In Mooney v. Allianz Life Ins. Co. of North America, No. 06-00545 (D. Minn.), Plaintiffs claimed that the insurer’s marketing of deferred annuity products as providing an “up-front” or “immediate” bonus violates Minnesota’s consumer protection statute, because the bonus is not available until annuitization. On February 26, 2009, the federal district court denied a motion to decertify the national class it had previously certified. The court also granted in part and denied in part the insurer’s motion for summary judgment. (For the opinion, click here.)
Plaintiffs alleged that statements that the deferred annuities they purchased would provide an immediate 10% bonus were misleading because to realize the full value of the bonus, a policyholder must wait the five-year deferral period and then annuitize the policy for at least 10 years.

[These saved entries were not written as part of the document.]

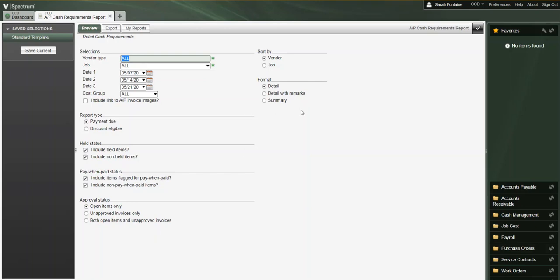On the right-hand side of this window, this is where we can make our sorting and formatting selections. For instance, we can say that we want this report sorted by vendor or sorted by job. And then under formatting, we can choose a detailed format, detailed with remarks, or a summary format.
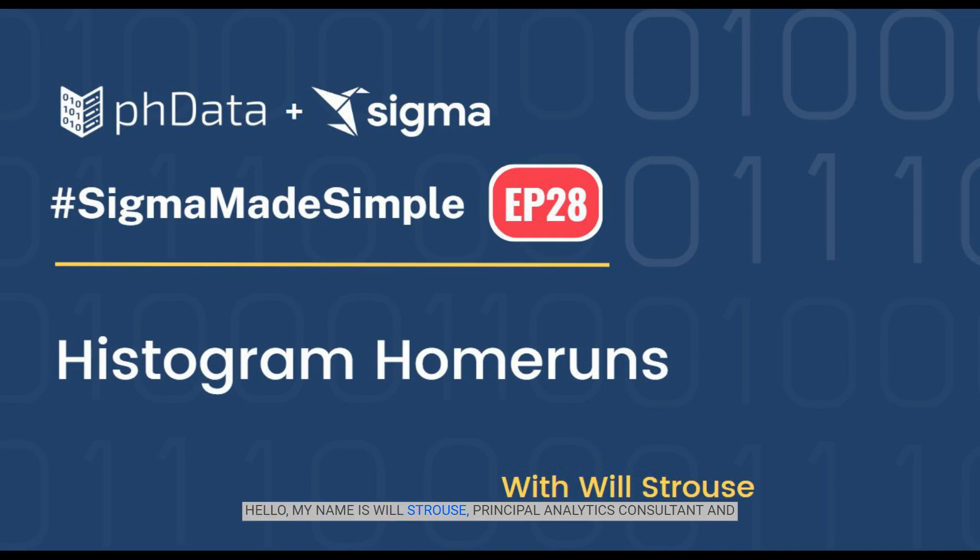Hello, my name is Will Strauss and I'm a principal analytics consultant and SIGMA expert at PHData. Today's installment of SIGMA Made Simple.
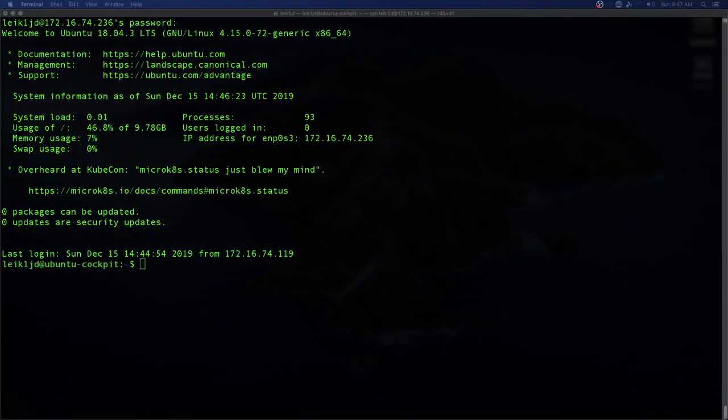Hello and welcome to another episode of Practical IT. In this episode, we're going to take a look at the latest version of Cockpit on Ubuntu Server 18.04.3.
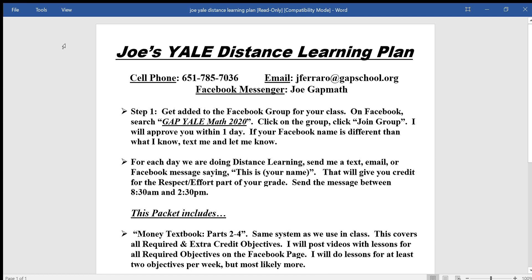Well, hello there Yale students — it's been a while. I'll be looking forward to communicating through Facebook more and things like that. What I want to do with this video is just explain what's expected this quarter and show you how I will be presenting lessons. It'll be on a video like this.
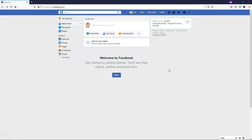Hey, it's Tom from WPWithTom.com and in this video I'm going to show you how to create a Facebook business page. So if you have an established business or you're starting a new one, Facebook is a great platform to be on. So let's dive into the video and start making your Facebook business page now.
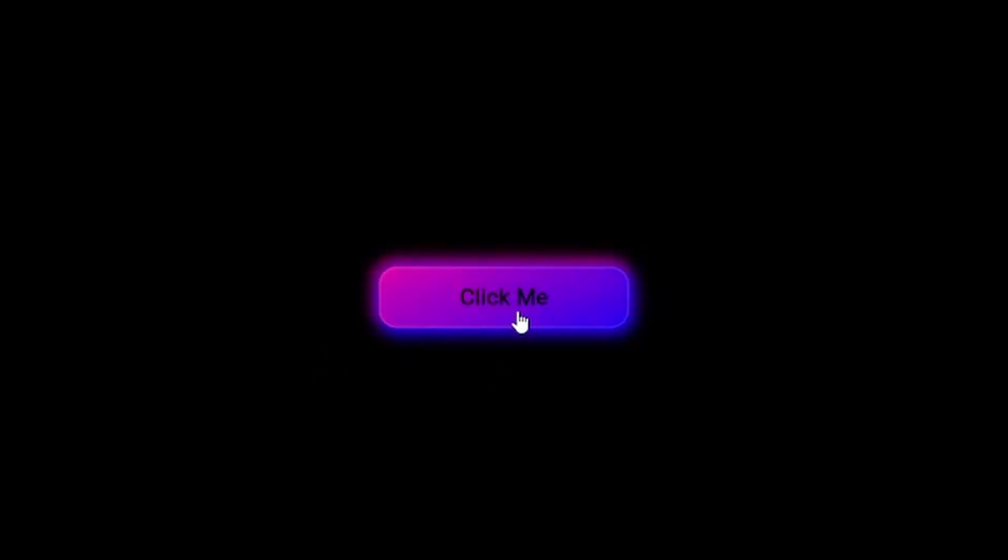Hey everyone, welcome back to a new Flutter series in which we are going to create something unique in Flutter. In this video, we are going to create this amazing button with a gradient moving shadow and as soon as we hover over it, the entire button lights up and inside the button, its color is also moving.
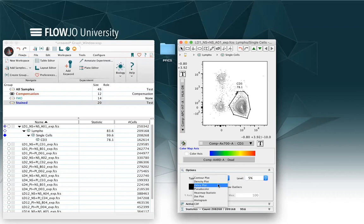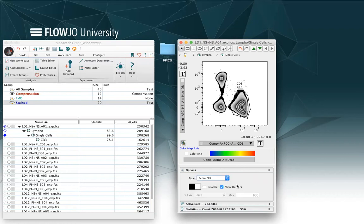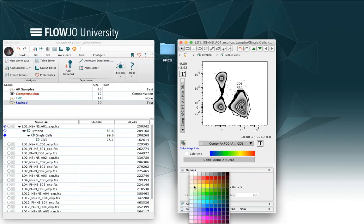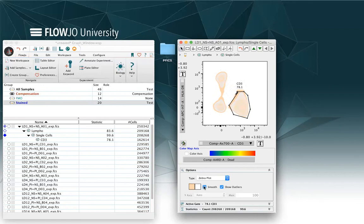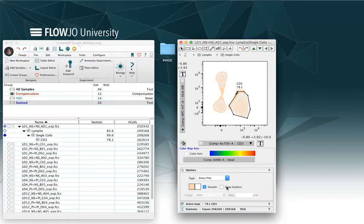Or I can use a zebra plot, which is a mix between a contour and a pseudo color. Eventually, I can select the smoothing and I can choose to see or not the outliers.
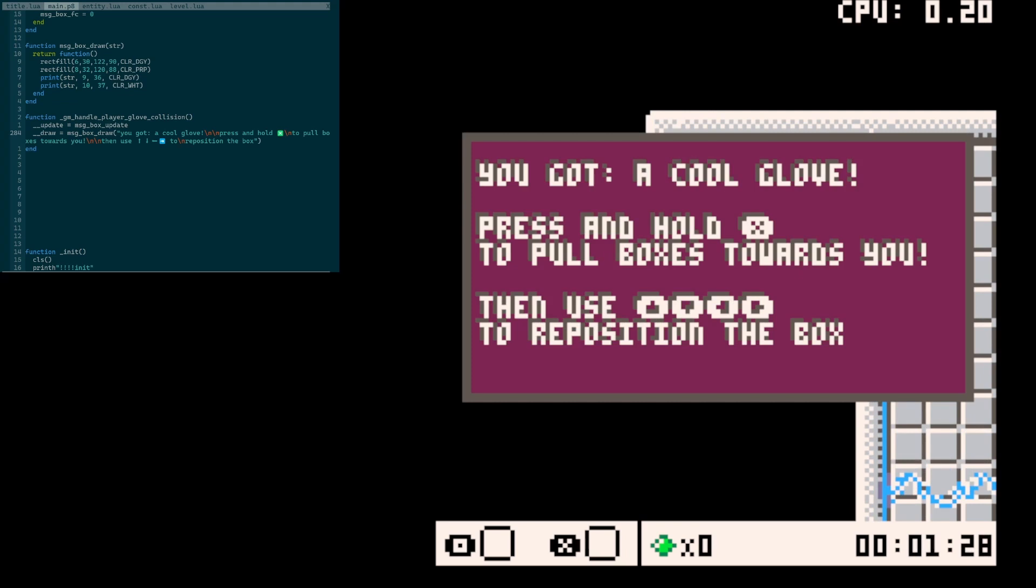I managed to squash down the text and outline the various actions you can actually take with this item. So I wanted to emphasize that you can pull the boxes towards you, and that when you hold the box, you can use the directional keys to put the box down somewhere else. My thinking here was to have the intro message, you got a cool glove, and then have the instructions each be on one line with the descriptor of what that thing does come on the next line. So it kind of breaks it up nicely.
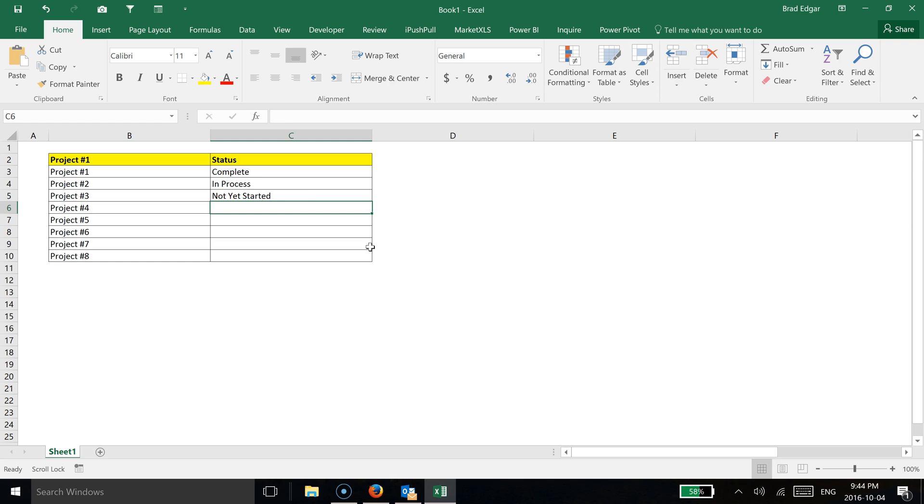So in this case, if we're looking at my status column, I currently have complete, in process, and not yet started available in this column. So what I'm going to show you is that now that I've created those three, I can actually select these automatically with a drop-down on any subsequent data entries.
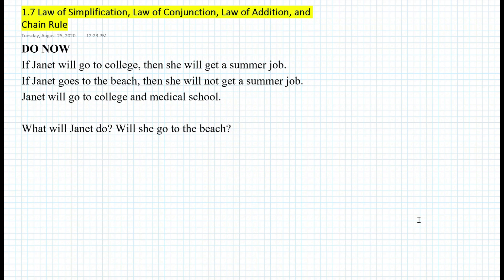Hi, everyone. This is Mr. Cervone. Welcome to my math channel. In today's logic lesson, we will be learning about the law of simplification, law of conjunction, law of addition, and the chain rule.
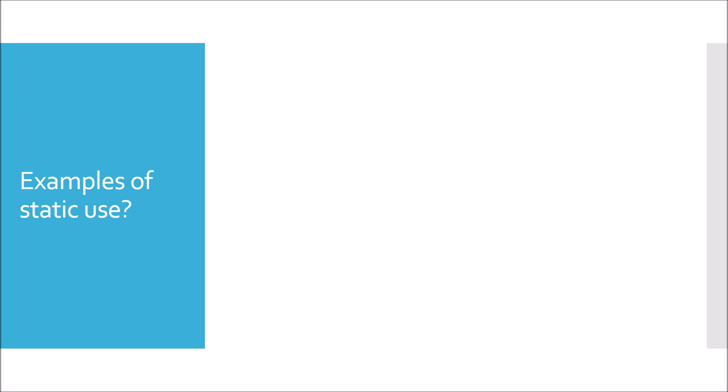Another expert level question - it seems easy, but the point is to understand whether you know the real-life examples of static use in JDK or not. Collections class and Math utility class - all the methods present inside Collections and Math utility are static. Another example is String class. Another example is Apache framework's StringUtil class, which uses static methods.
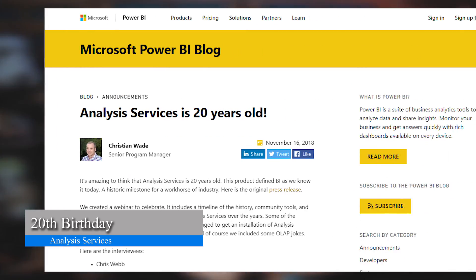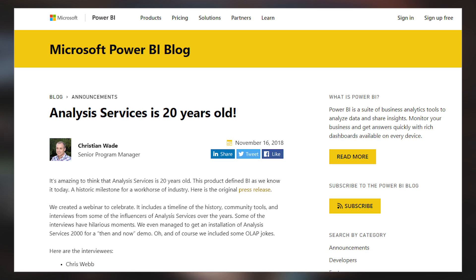Analysis Services had its 20th birthday — it was released with SQL 7.0 in 1998. What were you doing in 1998? The blog post has a video embedded in it with a few interviews to help celebrate and remember the journey that Analysis Services has gone through. If you haven't seen it, be sure to check it out. Really good stuff, just going through memory lane.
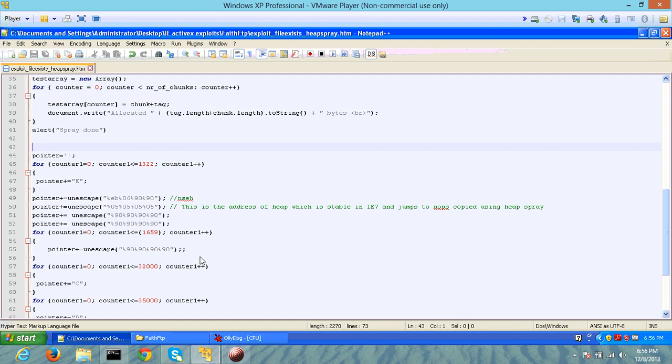That way, when you jump to any part of the heap, if most of the heap has been sprayed with your NOPs and shellcode, there's a good probability that you will be jumping to one of the addresses that points to a NOP, and since that address is filled with NOPs followed by your shellcode, you will end up executing your shellcode.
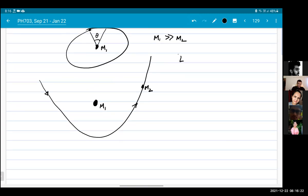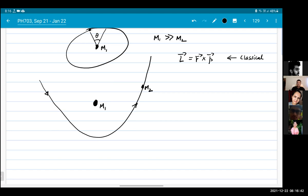So what is angular momentum? Angular momentum is L = r × p — that is the classical expression. How do we go from this classical quantity to the quantum expression for L? I'll write it as L̂ as an operator. We want to go to the quantum picture.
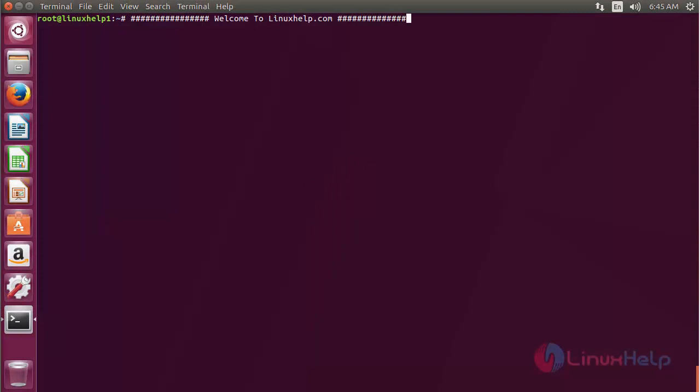Welcome to LinuxHelp.com. In this session we are going to see how to install cTorrent on Ubuntu 17.04. cTorrent is a BitTorrent client program written in C++ for FreeBSD and Linux.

Plaintiffs asserted claims for unjust enrichment and violations of the Minnesota Prevention of Consumer Fraud Act (MPCFA), which prohibits the use of “any fraud, false promise, misrepresentation, misleading statement or deceptive practice … in connection with the sale of any merchandise.”
The court denied class certification in January 2007, finding that Plaintiffs had failed to brief the choice of law and conflict of law issues that needed to be addressed given that they were seeking to certify a national class to assert state law claims. However, the court permitted Plaintiffs to provide supplemental briefing on those issues. (Please click here for that decision.) In May 2007, after the supplemental briefing, the court held that the Minnesota consumer protection statute could constitutionally be applied to class members nationwide and that under Minnesota choice of law rules, Minnesota law should apply to the entire class. The court then found the remaining class certification requirements met and certified a nationwide class under Rule 23(b)(3) consisting of individuals who purchased certain bonus annuities between 2000 and 2007, excluding California residents 65 and older (who are included in a class certified in another case). (Please click here for that decision.) The Eighth Circuit denied the insurer’s petition for interlocutory review of class certification.
In July 2008, the court denied the insurer’s first motion to decertify the class, which had argued that a new Eighth Circuit decision compelled the conclusion that individual issues predominated. (Please click here for that opinion.) After discovery was completed, the insurer moved to decertify again, arguing that the evidence showed a very individualized sales process and decision-making process by the customer. In last week’s decision, the court denied this second motion to decertify.
The insurer argued that individual inquiries into the causation and reliance elements of the MPCFA claim would be required, as evidenced by its depositions of 19 absent class members demonstrating that the decision-making process for each class member was highly individualized. Plaintiffs contested the insurer’s characterization of the deposition evidence and presented a survey of a larger sample of class members regarding the decision-making process.
The court held that Plaintiffs were not required to show under the MPCFA that the misrepresentation was the sole or primary cause of damages, but merely that the misrepresentation had some impact on the damages. Further, Plaintiffs were not required to show individual reliance; rather, “[p]laintiffs must prove that the alleged misrepresentation was a cause of their damages and that there was some reliance” (emphasis in original).
The court found that Plaintiffs’ survey demonstrated that the majority of class members relied on either the written material presented by the sales agent or the sales agent’s representations. The court noted that sales agents signed a statement that their oral representations did not differ from the written material. The court further found that the survey showed that the majority of the class indicated that the bonus was a factor in their decision-making process and that 100% would not have chosen the annuity had the bonus not been offered. Applying a preponderance of the evidence standard, the court found that common issues predominated.
The court distinguished this case from Avritt v. Reliastar Life Ins. Co., No. 07-1817 (D. Minn. Feb. 23, 2009), a case in which another judge in the same court had recently denied class certification with respect to claims challenging interest-crediting practices in deferred annuities. The court noted that Avritt addressed claims under a different state’s consumer protection statute and characterized Avritt as involving “generic, nonspecific assertions of ‘illegality, unfairness and deceptiveness,’ whereas, the alleged misrepresentations [in Mooney] are of a quite specific nature and the majority of the class members received substantially the same misrepresentation.” (Please click here for our prior Legal Alert on the Avritt decision.)
In the same opinion, the court in Mooney also denied in part and granted in part the insurer’s motion for summary judgment. The court denied summary judgment on the MPCFA claim, finding genuine issues of material fact as to that claim. The court granted summary judgment on the unjust enrichment claim, noting that Plaintiffs had not responded to this part of the summary judgment motion and also holding that Plaintiffs’ adequate remedy at law under the MPCFA precluded asserting an unjust enrichment claim.